Out of this world: The definitive Rozwell Kid feature

Photo: Pang Tubhirun

Through the looking glass here, people: Rozwell Kid (clockwise from 1 o’ clock: Jordan Hudkins, Andrew LaCara, Sean Hallock, Devin Donnelly, Adam Meisterhans) has morphed from Demon Beat drummer Jordan Hudkins’ solo power-pop/grunge project into a full band with a second record, “Unmacho,” due out soon. The band plays the Huntington Music and Arts Festival Saturday.

Sometimes, a band comes along that strengthens and/or reaffirms what sometimes can seem like a burnt out love affair with rock and roll. Evoking the best of Weezer and The Rentals in particular, and 90’s power-pop and grunge in general, for some, Rozwell Kid is that band.

You may know him as the drummer for The Demon Beat, but if you haven’t yet, you’ll soon know how Jordan Hudkins has turned admitted dreams of rock operas and Jude Universers into a whole ‘nother badass band.

Chatting at length over email, Hudkins talked about everything from his formative college years, to Simpsons re-runs, and of course, the evolution of Rozwell Kid (himself, Adam Meisterhans: lead guitar; Andrew LaCara: guitar/vox; Devin Donnelly: bass; Sean Hallock: drums) into a full band.

Before asking him about the important stuff, the music, Hudkins was asked about another passion of his: Sheetz.

“I am obsessed with Sheetz,” Hudkins admitted. “They have it all. Gas (at a discount with a My Sheetz Card), great food (made-to-order), the best gas-station coffee, a well-maintained and unique brand identity, the works!”

Hudkins delved deep into his romance with Sheetz.
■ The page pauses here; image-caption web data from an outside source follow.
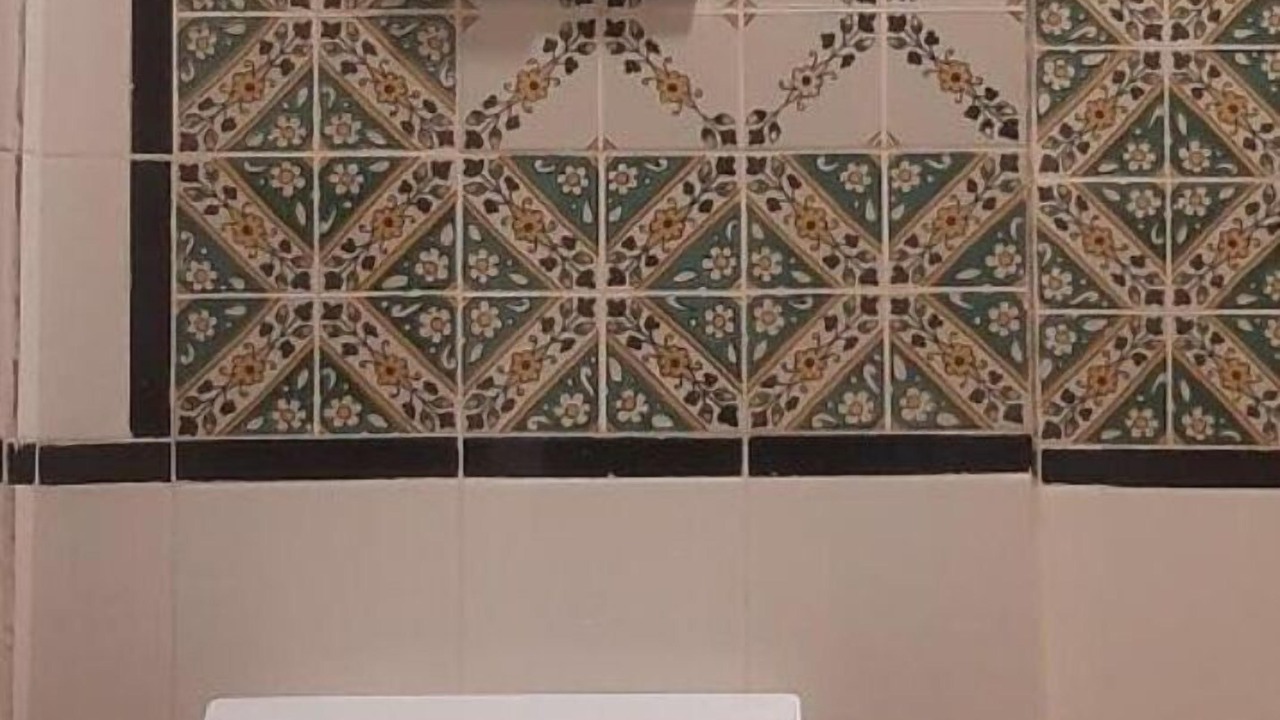 Photo of Bathroom in El Hafsia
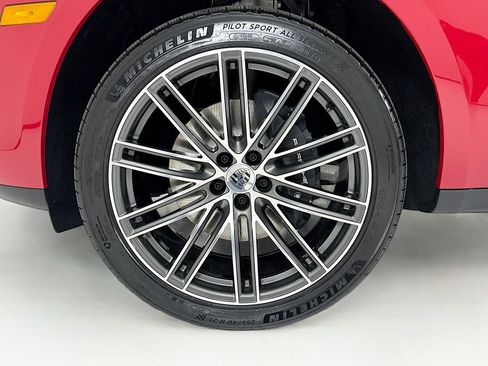 New 2026 Porsche Macan image 34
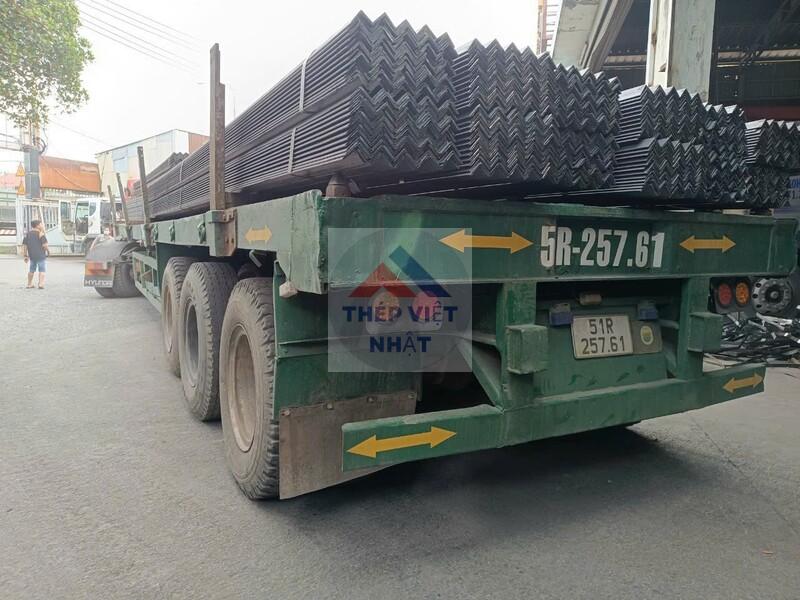 THÉP HÌNH V 50X50X5MM/ THÉP CHỮ V 50X50X5LI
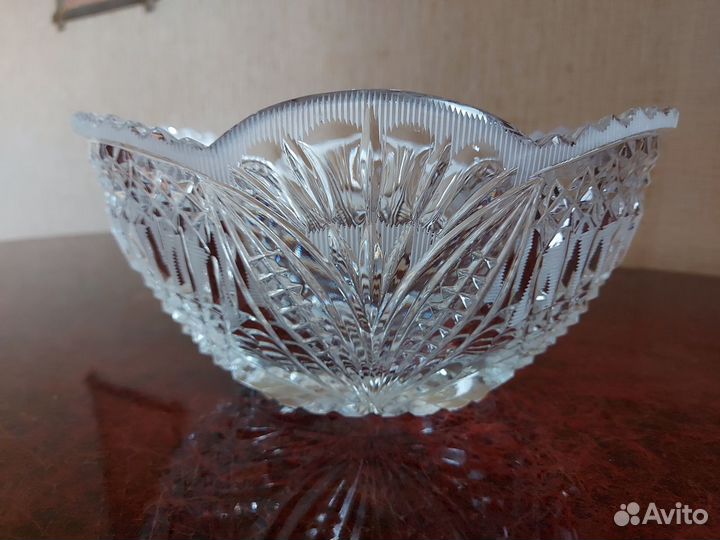 Хрусталь: вазы, салатники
“Until 2004 when I moved away to college, I’d never been to a Sheetz. But there was one right next to campus, and when you are working for pennies at the student newspaper, two hot dogs for 99¢ is a supreme deal. I ate so many hot dogs in those four years, my diploma was actually rolled up and handed to me in a bun, topped with mustard and onions.

“After school, I moved into a house that was right next to another Sheetz,” Hudkins continued. “Four years later, I’m living in a new house by a new Sheetz. In the last eight years, I have always lived within a mile from a Sheetz. It’s the closest thing I have to Star Trek technology: when I see a Sheetz in another state, I’m instantly transported home, in a sense.”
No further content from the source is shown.